You’ve probably also heard of machine learning for structured and unstructured data. Structured data means a basic database of data. In a housing forecast, for example, you might have a database with specific columns that tell you the size and number of bedrooms, known as structured data. Or predict whether the user will click on ads, you may get information about the user, such as age and some information about the ads, then predict classification annotations to you, this is structured data, which means each characteristics, such as housing size bedroom number, or a user’s age, there is a good definition.

Unstructured data, on the other hand, refers to things like audio, raw audio, or images or text that you want to recognize. The feature here could be a pixel value in an image or a single word in text.

Historically, it’s hard to process unstructured data, it’s hard for computers to understand unstructured data compared to structured data, and humans have evolved to be very good at understanding audio signals and images, text is a more recent invention, but people are really good at interpreting unstructured data.
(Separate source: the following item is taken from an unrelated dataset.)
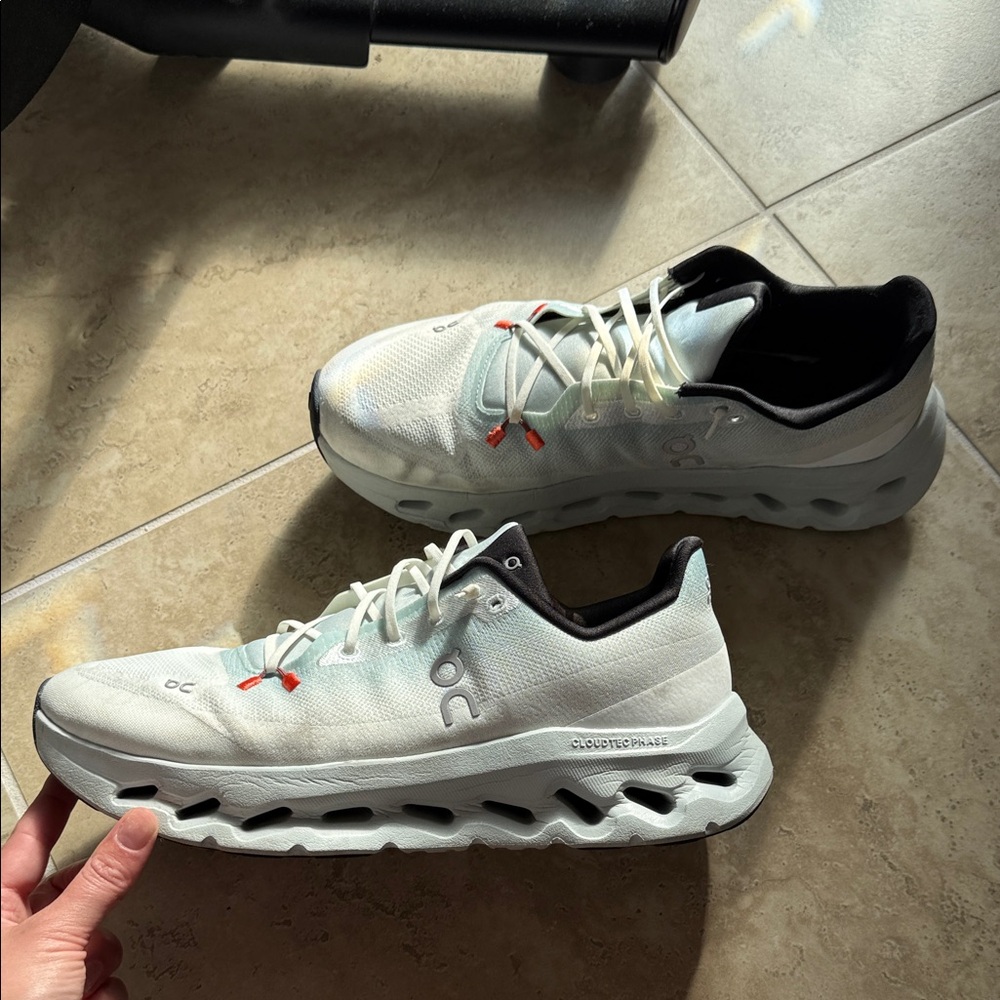 On Running Men's Black and White Athletic Shoes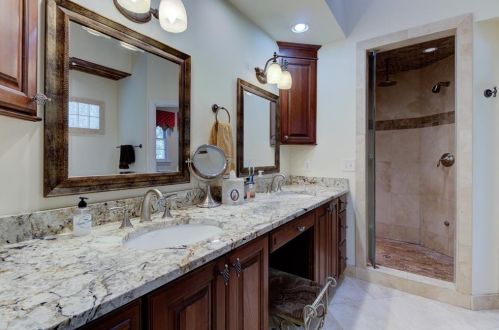 4815 Dunwoody Sta Dr, Atlanta GA 30338-4705 exterior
The rise of neural networks is one of the most exciting things about this. Thanks to deep learning and neural networks, computers are now better able to interpret unstructured data than they were a few years ago, and that creates opportunities for us. Many new and exciting applications are being used, speech recognition, image recognition, natural language word processing, probably even more than two or three years ago. Because people have an innate ability to understand unstructured data, you’ve probably heard more about the success of neural networks in unstructured data in media, and when neural networks recognize a cat that’s really cool, and we all know what that means.
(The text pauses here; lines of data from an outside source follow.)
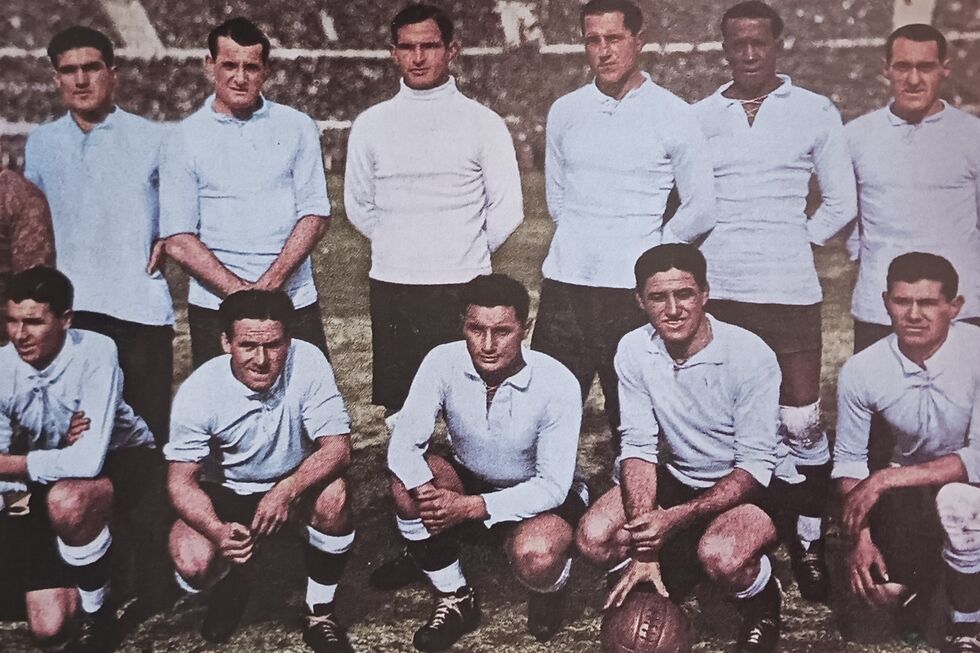A seleção do Uruguai que, em 1930, se tornou a primeira a vencer um Mundial de futebol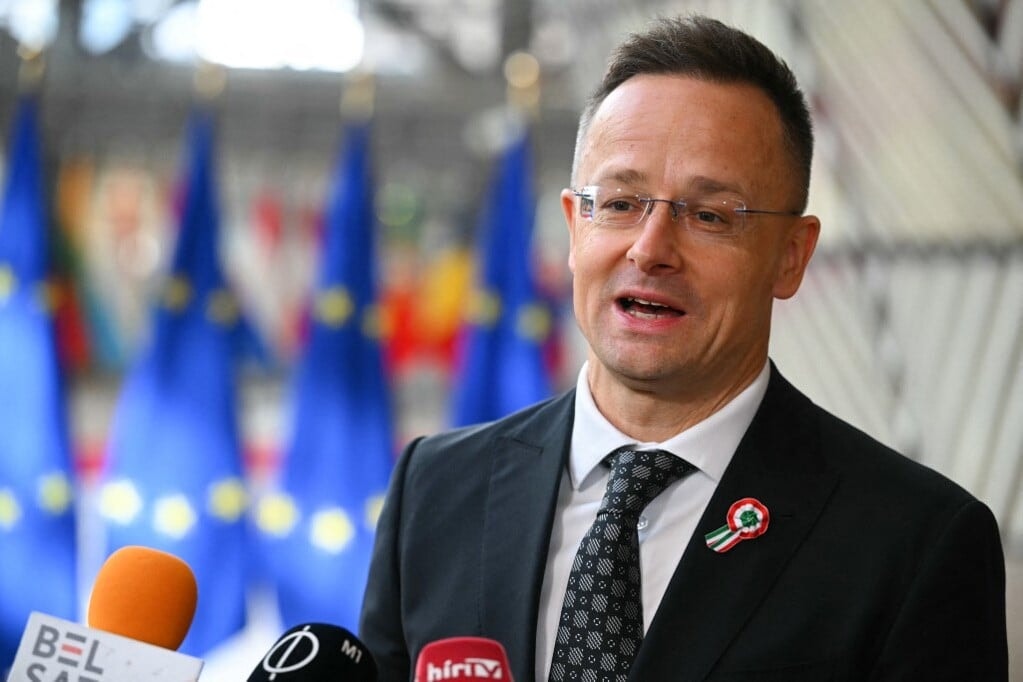 Szijjártó Péter: Elég a színházból! + VIDEÓ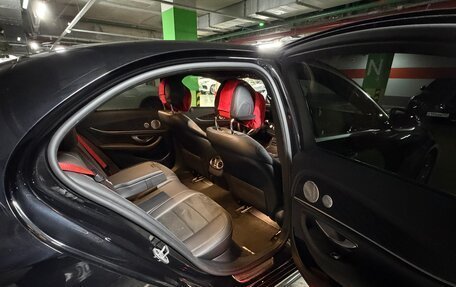Mercedes-Benz E-Класс, 2019 год, 3 575 000 рублей, 18 фотография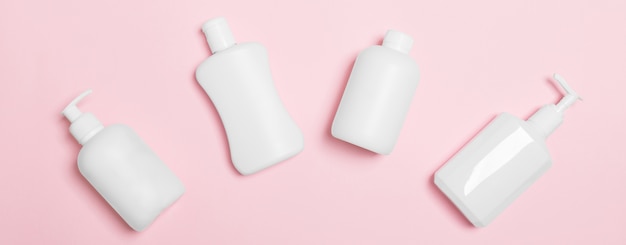 Set van witte cosmetische containers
But the results also show that neural networks in many short-term economic value creation, also based on structured data. Like better advertising systems, better profit recommendations, and better ability to handle big data. Many companies have to make accurate predictions based on neural networks.

So in this course, many of the techniques we’ll be discussing will apply to both structured and unstructured data. To explain the algorithm, we’re going to draw a little more pictures in the example of using unstructured data, but as you can imagine, using neural networks in your own team, I hope you’ll find that neural network algorithms are useful for both structured and unstructured data.

Neural network has changed the supervised learning, is to create a huge economic value, it has been proved that the basic concept of neural network technology behind the most are not far from us, have a plenty of decades, so why they are now just beginning, so good effect, the next set of video we will discuss why the recent neural network has become a powerful tool you can use.

1.4 Why the rise of deep learning? (Why is Deep Learning taking off?)

This video focuses on the main factors driving deep learning to become so popular. Including data scale, computation and algorithm innovation.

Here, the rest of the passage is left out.